Cette 3e et dernière section enchaîne par un article entièrement consacré au « porno durable » ou « porno vert » (pp. 173 & 181). Ce nouveau porno modifie les conditions sociales et financières des acteurs et des réalisateurs, et constitue pour les actrices notamment un mode d’« empowerment » qui relègue les attaques féministes du porno traditionnel dans un ringardisme hors d’âge. On a parfois droit à des détails dont on se demande comment ils tombent dans la soupe : « une sodomie de Rocco Siffredi, c’est quinze jours sans pouvoir s’asseoir et donc sans travailler » (p. 182).
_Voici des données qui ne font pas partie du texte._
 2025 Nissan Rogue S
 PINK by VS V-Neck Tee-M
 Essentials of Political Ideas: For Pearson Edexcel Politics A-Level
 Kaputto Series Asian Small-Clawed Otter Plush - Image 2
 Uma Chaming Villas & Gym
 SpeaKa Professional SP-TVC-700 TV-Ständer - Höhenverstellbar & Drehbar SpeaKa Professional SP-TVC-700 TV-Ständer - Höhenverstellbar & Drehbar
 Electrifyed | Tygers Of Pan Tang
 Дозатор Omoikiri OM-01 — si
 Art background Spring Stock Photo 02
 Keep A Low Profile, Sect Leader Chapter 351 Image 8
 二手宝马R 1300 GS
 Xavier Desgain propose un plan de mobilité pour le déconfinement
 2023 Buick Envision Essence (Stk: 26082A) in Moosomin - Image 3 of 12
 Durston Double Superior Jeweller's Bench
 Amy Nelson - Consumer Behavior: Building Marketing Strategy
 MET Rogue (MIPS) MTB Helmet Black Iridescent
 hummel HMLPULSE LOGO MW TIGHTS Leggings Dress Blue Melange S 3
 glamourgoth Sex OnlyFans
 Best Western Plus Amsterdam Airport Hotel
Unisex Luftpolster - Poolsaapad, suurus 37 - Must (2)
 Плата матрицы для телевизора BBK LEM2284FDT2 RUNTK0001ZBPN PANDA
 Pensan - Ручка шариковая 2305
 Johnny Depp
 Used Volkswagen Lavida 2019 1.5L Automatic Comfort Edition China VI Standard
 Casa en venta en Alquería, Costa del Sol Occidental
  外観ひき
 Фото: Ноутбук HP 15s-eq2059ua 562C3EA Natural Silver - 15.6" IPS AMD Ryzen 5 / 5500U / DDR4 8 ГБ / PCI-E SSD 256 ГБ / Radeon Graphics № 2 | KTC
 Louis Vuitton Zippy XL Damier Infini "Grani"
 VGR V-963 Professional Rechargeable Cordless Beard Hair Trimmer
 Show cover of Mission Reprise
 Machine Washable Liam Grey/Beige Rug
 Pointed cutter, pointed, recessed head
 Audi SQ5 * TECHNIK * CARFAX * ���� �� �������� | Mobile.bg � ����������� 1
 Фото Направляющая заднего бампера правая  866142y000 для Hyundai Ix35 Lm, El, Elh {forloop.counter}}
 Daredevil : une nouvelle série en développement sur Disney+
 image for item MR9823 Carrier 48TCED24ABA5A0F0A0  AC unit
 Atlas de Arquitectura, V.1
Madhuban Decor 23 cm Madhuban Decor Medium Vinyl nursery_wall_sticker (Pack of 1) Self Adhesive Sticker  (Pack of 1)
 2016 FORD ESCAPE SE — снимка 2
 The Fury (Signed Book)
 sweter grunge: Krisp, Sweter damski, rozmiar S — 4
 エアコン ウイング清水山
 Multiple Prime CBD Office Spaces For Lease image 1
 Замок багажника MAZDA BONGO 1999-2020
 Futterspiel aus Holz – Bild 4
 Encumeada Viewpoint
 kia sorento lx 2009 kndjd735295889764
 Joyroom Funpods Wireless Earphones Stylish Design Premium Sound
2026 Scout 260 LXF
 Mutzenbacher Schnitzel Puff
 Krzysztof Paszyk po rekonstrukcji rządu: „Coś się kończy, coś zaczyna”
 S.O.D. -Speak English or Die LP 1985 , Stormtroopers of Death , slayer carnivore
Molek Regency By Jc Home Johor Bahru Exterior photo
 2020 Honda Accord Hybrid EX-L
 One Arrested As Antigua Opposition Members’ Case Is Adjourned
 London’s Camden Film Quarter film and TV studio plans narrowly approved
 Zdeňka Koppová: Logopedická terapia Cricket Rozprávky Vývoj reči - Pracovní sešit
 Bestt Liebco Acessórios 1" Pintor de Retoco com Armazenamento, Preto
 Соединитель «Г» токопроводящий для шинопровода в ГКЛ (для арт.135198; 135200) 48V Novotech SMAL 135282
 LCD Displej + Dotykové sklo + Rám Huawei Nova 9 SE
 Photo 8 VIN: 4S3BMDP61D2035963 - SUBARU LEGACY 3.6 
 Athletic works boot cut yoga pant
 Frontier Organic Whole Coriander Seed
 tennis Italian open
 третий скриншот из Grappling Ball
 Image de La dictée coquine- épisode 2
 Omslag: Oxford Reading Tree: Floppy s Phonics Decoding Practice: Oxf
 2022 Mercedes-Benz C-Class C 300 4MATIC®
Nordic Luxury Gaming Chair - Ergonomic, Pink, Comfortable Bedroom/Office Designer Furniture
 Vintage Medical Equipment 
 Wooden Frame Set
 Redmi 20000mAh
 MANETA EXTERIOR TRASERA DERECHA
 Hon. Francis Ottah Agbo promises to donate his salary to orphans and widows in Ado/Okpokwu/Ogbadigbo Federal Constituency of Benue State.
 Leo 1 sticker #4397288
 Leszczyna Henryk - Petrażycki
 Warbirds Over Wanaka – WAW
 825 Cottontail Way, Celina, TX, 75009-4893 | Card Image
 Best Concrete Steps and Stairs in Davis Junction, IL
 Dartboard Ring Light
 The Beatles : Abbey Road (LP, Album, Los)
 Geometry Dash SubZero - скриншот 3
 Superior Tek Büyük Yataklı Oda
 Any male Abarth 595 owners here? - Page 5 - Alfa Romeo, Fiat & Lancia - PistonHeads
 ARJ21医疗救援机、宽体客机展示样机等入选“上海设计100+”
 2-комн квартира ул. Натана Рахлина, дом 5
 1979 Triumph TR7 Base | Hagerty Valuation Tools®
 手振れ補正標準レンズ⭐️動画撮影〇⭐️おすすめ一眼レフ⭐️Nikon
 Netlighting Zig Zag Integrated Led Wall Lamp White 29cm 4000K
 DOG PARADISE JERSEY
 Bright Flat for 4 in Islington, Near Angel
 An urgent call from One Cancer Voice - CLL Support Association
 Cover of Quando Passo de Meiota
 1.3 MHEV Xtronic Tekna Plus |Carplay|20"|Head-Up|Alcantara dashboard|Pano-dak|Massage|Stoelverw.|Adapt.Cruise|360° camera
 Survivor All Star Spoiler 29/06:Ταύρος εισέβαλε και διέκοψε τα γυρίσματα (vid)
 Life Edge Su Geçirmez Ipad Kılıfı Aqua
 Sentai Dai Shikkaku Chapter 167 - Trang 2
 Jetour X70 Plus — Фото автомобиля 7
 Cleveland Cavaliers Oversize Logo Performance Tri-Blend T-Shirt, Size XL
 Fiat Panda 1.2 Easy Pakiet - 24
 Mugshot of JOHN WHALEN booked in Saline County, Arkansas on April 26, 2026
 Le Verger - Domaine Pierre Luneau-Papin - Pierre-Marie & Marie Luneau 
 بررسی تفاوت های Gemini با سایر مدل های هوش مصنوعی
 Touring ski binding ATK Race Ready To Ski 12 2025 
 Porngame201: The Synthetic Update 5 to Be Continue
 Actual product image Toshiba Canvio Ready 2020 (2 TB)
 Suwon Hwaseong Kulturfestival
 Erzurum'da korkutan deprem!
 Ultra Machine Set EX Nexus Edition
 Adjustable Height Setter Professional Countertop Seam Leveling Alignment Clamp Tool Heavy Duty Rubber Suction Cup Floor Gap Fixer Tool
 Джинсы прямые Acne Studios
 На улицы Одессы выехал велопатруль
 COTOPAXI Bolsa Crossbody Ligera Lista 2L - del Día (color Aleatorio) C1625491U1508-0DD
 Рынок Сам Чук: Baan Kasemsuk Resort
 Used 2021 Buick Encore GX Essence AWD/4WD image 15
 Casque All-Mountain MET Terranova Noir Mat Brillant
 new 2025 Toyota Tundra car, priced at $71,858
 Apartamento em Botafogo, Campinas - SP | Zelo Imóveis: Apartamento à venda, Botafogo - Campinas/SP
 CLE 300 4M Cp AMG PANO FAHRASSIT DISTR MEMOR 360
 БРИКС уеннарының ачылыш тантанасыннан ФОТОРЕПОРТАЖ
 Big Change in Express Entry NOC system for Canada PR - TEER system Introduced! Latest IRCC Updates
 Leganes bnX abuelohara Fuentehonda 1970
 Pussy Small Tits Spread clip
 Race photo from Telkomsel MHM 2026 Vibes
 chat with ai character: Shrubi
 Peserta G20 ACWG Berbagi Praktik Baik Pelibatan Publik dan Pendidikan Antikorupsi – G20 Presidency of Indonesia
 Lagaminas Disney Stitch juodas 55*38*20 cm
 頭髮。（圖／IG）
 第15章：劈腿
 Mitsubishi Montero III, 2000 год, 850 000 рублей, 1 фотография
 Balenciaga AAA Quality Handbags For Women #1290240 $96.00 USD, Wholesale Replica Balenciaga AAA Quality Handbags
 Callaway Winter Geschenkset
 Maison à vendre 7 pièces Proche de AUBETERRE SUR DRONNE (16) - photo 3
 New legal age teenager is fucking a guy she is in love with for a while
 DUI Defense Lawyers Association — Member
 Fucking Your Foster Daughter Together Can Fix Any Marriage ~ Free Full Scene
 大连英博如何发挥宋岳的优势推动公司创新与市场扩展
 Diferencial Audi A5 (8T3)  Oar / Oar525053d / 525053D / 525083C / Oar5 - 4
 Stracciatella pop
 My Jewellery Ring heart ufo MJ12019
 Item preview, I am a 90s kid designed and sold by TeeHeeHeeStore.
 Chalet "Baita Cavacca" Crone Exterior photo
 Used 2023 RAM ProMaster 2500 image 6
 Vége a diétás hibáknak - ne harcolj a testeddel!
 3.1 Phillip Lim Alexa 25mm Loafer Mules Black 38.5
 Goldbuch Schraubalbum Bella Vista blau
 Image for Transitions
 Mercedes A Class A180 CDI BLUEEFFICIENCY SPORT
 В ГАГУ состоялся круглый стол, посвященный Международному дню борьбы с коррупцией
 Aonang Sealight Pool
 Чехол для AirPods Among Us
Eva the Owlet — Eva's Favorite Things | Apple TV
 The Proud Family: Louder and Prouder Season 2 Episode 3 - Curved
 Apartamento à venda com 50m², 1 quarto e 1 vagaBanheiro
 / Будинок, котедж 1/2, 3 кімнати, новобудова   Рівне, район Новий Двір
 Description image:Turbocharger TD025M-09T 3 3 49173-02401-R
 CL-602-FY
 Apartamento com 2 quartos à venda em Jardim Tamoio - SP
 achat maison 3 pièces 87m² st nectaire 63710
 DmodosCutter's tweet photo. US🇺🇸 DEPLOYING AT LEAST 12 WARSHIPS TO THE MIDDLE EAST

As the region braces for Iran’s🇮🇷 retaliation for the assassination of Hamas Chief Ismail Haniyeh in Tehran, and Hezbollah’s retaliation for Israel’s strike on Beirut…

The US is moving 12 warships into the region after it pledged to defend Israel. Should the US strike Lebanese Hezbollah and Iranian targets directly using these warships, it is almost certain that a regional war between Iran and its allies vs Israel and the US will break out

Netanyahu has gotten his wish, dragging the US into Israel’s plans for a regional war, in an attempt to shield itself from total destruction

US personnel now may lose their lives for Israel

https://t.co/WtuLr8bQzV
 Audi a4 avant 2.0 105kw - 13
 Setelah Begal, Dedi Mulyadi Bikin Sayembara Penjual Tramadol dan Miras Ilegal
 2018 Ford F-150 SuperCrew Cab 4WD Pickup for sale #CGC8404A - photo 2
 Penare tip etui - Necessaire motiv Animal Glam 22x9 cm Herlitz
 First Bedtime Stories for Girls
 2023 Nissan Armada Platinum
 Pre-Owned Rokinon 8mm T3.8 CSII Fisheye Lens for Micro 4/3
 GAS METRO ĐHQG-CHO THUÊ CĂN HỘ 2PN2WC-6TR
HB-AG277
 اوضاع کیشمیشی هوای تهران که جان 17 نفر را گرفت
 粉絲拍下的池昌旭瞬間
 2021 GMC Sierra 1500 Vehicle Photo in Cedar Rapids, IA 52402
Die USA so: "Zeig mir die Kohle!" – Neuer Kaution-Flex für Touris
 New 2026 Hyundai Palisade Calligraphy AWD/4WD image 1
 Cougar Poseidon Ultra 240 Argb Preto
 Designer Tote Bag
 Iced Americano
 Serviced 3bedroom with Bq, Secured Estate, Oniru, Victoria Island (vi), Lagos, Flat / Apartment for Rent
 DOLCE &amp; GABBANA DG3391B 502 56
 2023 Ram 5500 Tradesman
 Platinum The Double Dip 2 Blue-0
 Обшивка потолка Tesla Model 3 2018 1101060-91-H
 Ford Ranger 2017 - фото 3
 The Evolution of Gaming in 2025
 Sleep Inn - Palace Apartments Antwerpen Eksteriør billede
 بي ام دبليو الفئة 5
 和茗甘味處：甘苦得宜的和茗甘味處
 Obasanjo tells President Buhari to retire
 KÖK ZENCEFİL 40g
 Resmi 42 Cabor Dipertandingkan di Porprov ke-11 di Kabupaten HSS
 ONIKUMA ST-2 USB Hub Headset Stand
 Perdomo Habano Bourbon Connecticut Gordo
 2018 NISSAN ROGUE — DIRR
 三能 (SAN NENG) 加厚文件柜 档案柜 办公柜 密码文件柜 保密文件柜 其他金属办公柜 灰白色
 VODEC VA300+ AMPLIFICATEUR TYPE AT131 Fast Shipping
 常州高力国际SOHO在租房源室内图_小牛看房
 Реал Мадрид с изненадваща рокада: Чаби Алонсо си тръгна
Glups ! J’en connais qui demanderaient à voir ! Puis la question transgenre est abordée, avec ses évolutions récentes dues aux technologies, notamment chez les FtM (Female to Male), concomitantes avec un changement d’attitude : si « la règle fut longtemps de nier son passé « dans l’autre sexe » » (p. 208), les transgenres ont maintenant tendance à faire leur coming out en tant que « trans », et souvent à se passer des « opérations « du bas » et notamment la phalloplastie et la métaoidioplastie par opposition à celles du haut (mammectomie) » (p. 209). L’exemple développé des mémoires de Max Wolf Valerio, FtM devenu assez macho, est fort intéressant, et remet en cause les positions de « la culture séparatiste lesbienne féministe » (p. 211).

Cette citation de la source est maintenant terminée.